The Dangerous Myths About Sufi Muslims


Whirling dervishes perform an Egyptian Sufi dance in Cairo.

The birth of the purist Salafi movement (which many pejoratively describe as “Wahhabism”) saw preachers inspired by the message of 18th-century figure Muhammad bin Abdul Wahhab attacking Sufism writ large in an unprecedented way. While presenting themselves as the orthodox, these types of purist Salafis were actually engaging in a heterodox approach. Many of these figures had to ignore or rewrite large chunks of Islamic history in order to present Sufism and Sufis as beyond the pale.

Ahmad bin Taymiyya, a commonly quoted authority for Salafis, for example, was reportedly a member of the Sufi order of Abdal Qadir al-Jilani. The Sufi affiliations of many medieval authorities have been airbrushed from history in several modern editions of their texts published by Salafi printing houses. Yet, there were virtually no prominent Muslim figures who cast aside Sufism in Islamic history. When followers of ibn Abdul Wahhab attempted to do so by describing Sufis as outside the faith, they were themselves decried by the overwhelming majority of Sunni Islamic scholarship as indulging in a type of heterodoxy because of their intolerance and revisionism.
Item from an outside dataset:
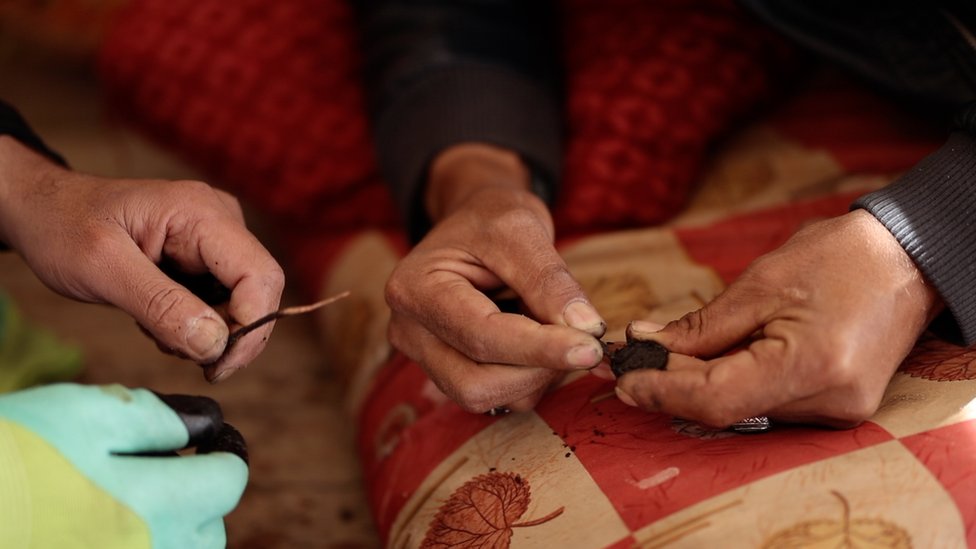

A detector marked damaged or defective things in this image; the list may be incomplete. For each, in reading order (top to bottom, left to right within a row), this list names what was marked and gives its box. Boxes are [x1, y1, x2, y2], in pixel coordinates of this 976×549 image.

small corroded fragment [608, 338, 668, 376]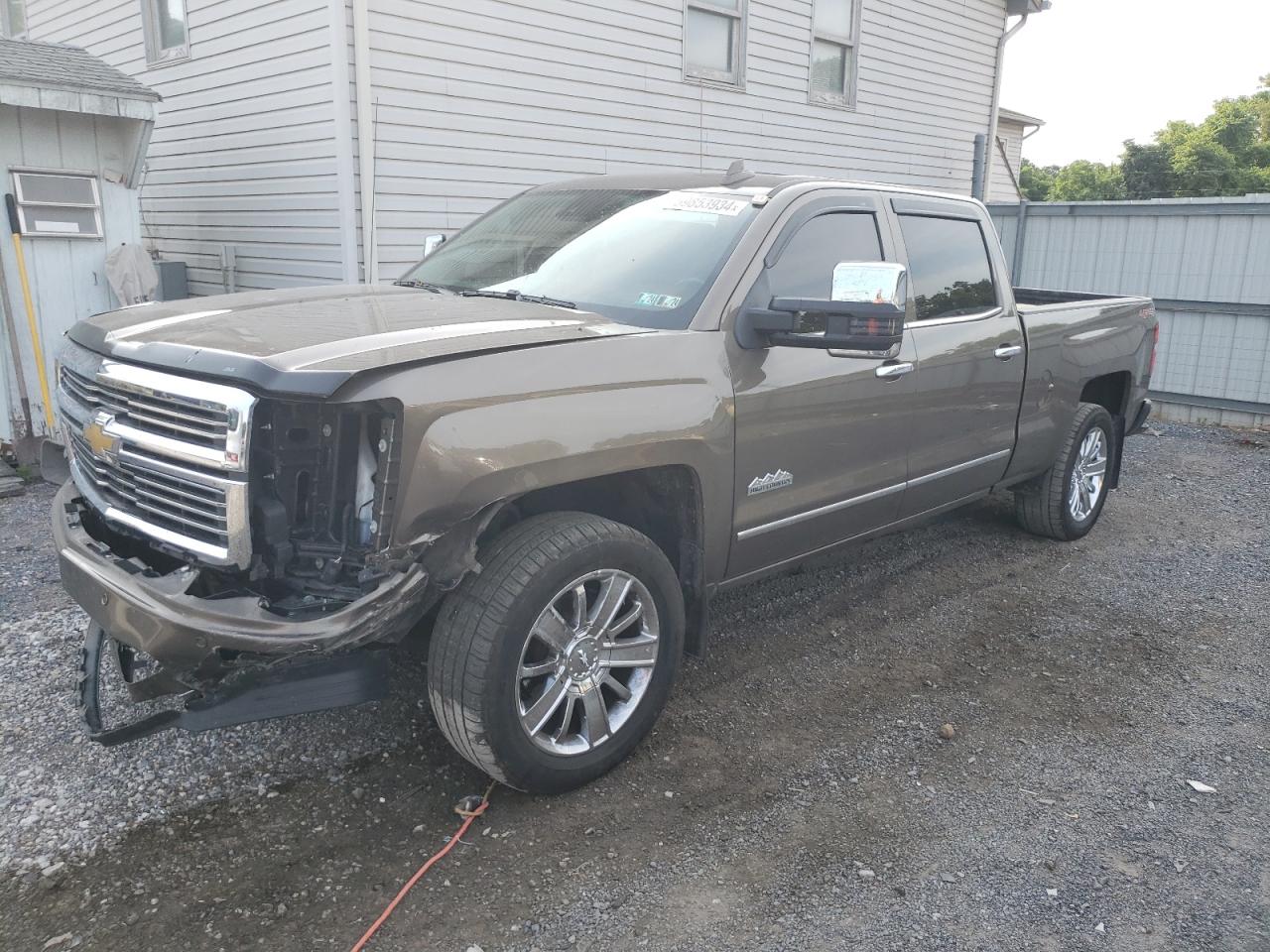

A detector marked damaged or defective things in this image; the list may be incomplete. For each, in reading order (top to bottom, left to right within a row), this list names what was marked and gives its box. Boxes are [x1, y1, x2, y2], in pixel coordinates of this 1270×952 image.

damaged front end [55, 347, 459, 746]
While some who portray Sufis as heterodox do so with malicious intent, many fans of Sufism in the West seem to agree that Sufis are heterodox—it’s just a type of heterodoxy that they prefer to the normative mainstream of Islamic thought, which they seem to think is different from Sufism. Ironically, the well-meaning nature of this misinformed perspective echoes the fallacy that extremists promote.


And it is an extraordinary fallacy. Until relatively recently, it would have been unthinkable for students in Muslim communities to consider Sufism anything other than an integral part of a holistic Islamic education. The essentials of theology, practice, and spirituality—that is, Sufism—were deemed basic, core elements of even elementary Islamic instruction. And religious figures known for their commitment to Sufism would not have been considered a minority; they would have been by far the norm. Indeed, the very label of an Egyptian “Sufi minority” being bandied about since the mosque attack is a peculiar one: Sufism isn’t a sect—it’s integral to mainstream Sunni Islam.